Congress has mandated that the "Board shall decide ... the unit appropriate for the purposes of collective bargaining." 29 U.S.C. § 159(b); NLRB v. Marin Operating, Inc., 822 F.2d 890, 893 (9th Cir. 1987). "Defining appropriate bargaining units 'involves of necessity a large measure of informed discretion, and the decision of the Board, if not final, is rarely to be disturbed.' " Marin, 822 F.2d at 893 (citations omitted). If the parties have stipulated to a bargaining unit, the Board is bound by the stipulation. See NLRB v. Sonoma Vineyards, Inc., 727 F.2d 860, 865 (9th Cir.), cert. denied, 469 U.S. 836 (1984). On the other hand, if the stipulation is ambiguous and the Board determines that there was no meeting of the minds as to its interpretation, the Board is entitled to employ a de novo approach to determine which employees are eligible to vote. NLRB v. Detective Intelligence Service, 448 F.2d 1022, 1025-26 (9th Cir. 1971).

The stipulation between Union and Hospital provided that the following employees would be eligible to vote:

All full time; regular part-time; per-diem/resource/nonscheduled employees provided they have worked or were scheduled to work an average of one shift per week, or two shifts per 14 days over a period of 90 days preceding the payroll period for eligibility.

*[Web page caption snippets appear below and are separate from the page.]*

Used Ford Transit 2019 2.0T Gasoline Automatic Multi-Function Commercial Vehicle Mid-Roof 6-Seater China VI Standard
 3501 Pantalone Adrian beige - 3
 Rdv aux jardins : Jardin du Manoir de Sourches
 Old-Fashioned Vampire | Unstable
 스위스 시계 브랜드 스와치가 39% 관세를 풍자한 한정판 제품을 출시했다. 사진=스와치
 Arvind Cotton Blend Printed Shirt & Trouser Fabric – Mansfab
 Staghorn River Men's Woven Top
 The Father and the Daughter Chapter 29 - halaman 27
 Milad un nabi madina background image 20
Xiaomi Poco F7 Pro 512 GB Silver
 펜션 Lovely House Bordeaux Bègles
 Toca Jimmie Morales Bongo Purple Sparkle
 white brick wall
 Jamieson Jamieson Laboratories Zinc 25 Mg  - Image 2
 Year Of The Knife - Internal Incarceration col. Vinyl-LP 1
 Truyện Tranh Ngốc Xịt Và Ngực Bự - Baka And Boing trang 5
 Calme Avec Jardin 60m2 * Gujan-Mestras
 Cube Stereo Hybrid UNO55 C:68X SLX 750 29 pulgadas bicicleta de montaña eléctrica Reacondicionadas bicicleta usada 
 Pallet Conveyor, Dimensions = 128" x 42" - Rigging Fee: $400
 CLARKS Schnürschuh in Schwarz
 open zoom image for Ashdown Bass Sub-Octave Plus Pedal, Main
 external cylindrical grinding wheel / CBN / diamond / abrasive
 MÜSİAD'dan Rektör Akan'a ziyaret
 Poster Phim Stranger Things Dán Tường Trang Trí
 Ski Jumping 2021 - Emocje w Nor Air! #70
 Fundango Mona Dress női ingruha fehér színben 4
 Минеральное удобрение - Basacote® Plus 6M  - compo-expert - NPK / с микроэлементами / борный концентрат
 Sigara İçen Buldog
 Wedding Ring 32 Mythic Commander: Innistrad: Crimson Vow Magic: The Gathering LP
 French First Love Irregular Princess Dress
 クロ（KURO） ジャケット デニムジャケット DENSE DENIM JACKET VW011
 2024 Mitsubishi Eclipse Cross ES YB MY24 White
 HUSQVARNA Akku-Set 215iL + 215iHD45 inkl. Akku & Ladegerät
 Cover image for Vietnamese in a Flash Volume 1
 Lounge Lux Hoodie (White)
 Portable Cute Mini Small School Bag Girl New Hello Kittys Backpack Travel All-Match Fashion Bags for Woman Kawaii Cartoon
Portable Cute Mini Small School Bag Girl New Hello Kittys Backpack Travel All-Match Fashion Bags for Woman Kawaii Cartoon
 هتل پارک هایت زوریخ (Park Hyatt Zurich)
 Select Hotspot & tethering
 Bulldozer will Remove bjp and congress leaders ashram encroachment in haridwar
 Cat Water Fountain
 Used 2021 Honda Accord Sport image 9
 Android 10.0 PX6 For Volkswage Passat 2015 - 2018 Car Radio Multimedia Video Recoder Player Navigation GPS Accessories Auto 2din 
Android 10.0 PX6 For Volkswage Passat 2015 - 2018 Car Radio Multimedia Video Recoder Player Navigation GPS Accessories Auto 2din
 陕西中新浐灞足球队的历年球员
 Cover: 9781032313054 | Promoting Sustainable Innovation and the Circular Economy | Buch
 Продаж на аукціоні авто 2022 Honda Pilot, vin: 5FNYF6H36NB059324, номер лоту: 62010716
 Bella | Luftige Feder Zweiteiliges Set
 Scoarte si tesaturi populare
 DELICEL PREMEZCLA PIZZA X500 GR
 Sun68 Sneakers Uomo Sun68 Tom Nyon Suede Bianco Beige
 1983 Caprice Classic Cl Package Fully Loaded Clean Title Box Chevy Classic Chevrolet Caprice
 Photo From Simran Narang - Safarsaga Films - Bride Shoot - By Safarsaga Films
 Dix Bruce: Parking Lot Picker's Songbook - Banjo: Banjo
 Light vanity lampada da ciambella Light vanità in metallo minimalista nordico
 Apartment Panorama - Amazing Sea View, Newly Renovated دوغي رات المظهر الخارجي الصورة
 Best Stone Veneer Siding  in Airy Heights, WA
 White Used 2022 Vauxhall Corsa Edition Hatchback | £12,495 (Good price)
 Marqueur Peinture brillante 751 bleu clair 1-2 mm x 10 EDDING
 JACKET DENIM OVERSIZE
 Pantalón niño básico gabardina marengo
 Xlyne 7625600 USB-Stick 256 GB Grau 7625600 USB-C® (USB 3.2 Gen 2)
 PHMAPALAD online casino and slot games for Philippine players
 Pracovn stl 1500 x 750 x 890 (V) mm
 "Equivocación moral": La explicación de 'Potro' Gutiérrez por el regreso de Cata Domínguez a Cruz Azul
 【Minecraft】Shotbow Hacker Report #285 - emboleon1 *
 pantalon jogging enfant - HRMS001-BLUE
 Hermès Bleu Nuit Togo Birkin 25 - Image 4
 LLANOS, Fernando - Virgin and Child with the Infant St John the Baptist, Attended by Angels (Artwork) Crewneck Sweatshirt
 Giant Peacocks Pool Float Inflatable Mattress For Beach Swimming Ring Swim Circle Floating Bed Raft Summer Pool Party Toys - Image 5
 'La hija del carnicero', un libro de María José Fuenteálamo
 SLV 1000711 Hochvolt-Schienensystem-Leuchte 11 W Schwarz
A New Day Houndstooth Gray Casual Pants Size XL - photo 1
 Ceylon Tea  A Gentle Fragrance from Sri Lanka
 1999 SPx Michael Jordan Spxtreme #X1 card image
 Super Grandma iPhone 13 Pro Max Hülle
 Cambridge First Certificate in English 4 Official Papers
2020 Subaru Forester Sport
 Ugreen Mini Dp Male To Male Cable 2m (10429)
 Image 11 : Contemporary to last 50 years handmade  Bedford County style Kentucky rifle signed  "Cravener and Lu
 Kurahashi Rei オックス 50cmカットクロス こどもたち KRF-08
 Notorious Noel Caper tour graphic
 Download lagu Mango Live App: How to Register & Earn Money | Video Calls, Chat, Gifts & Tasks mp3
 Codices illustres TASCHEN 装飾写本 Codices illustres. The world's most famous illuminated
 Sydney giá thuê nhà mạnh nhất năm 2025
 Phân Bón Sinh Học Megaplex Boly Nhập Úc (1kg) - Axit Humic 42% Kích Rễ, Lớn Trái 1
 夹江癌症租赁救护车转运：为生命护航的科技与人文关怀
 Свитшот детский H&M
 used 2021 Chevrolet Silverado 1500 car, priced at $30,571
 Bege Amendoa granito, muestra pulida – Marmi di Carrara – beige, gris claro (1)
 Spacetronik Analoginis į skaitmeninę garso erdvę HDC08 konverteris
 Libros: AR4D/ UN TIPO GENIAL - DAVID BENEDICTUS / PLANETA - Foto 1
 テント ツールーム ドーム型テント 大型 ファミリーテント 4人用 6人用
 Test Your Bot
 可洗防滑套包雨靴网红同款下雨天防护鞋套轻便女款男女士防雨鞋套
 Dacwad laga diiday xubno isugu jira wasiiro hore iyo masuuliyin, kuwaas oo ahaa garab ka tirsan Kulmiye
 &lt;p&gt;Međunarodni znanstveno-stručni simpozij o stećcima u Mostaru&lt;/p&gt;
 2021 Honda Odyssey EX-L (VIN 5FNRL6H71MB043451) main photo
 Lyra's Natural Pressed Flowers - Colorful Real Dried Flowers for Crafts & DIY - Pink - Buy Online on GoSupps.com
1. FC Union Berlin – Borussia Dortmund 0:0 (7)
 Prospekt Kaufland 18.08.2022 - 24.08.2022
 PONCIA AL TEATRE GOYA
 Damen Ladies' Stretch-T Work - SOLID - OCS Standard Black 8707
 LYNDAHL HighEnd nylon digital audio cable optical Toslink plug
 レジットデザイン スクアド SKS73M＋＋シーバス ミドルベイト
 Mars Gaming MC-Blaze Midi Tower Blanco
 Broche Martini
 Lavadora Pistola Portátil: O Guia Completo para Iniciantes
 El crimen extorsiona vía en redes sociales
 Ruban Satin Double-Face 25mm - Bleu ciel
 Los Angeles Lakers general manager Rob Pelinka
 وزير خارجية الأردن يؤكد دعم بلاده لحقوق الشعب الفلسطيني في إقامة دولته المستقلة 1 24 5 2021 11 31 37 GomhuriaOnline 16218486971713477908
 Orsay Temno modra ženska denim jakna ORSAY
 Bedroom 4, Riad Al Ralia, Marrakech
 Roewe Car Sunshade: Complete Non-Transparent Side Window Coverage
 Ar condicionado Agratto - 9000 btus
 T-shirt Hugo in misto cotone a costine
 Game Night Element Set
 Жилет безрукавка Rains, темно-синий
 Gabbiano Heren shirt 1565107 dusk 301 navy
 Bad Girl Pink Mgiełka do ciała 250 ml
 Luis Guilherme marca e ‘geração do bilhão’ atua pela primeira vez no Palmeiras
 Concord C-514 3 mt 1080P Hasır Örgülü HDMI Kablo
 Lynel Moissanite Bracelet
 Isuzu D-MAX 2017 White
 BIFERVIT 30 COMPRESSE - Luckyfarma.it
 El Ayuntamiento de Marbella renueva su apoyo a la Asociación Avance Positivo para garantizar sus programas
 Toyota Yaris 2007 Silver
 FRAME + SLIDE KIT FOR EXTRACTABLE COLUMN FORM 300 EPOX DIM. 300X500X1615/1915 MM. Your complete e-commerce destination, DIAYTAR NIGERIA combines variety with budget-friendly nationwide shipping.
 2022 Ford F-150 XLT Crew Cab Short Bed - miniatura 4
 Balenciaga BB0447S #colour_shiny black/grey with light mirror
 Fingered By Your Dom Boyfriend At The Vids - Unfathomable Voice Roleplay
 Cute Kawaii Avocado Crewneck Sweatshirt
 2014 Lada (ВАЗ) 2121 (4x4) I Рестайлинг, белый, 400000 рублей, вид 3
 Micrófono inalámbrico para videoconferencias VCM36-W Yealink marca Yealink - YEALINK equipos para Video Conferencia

Excerpts of Record, at 21.

In the NLRB proceedings, Union and Hospital disagreed over the meaning of this stipulation. Hospital claimed that the language required an employee to work at least two shifts each two-week pay period in order to be eligible to vote in the election. Union claimed that the stipulation required only an average of one shift per week over the entire 13-week period. After finding that the parties had never reached a meeting of the minds on the meaning of the provision, the Hearing Officer applied the NLRB's rule that, when the objective intent of a stipulation cannot be discerned, "the Board resorts to the community of interest doctrine to aid its resolution of the [dispute]." NLRB v. Television Signal Corp., 268 NLRB 633, 115 LRRM (BNA) 1086, 1087 (1984). Applying the Board's "community of interest" test, the Hearing Officer ruled that any employee who averaged at least four hours per week over the 13-week eligibility period was eligible to vote.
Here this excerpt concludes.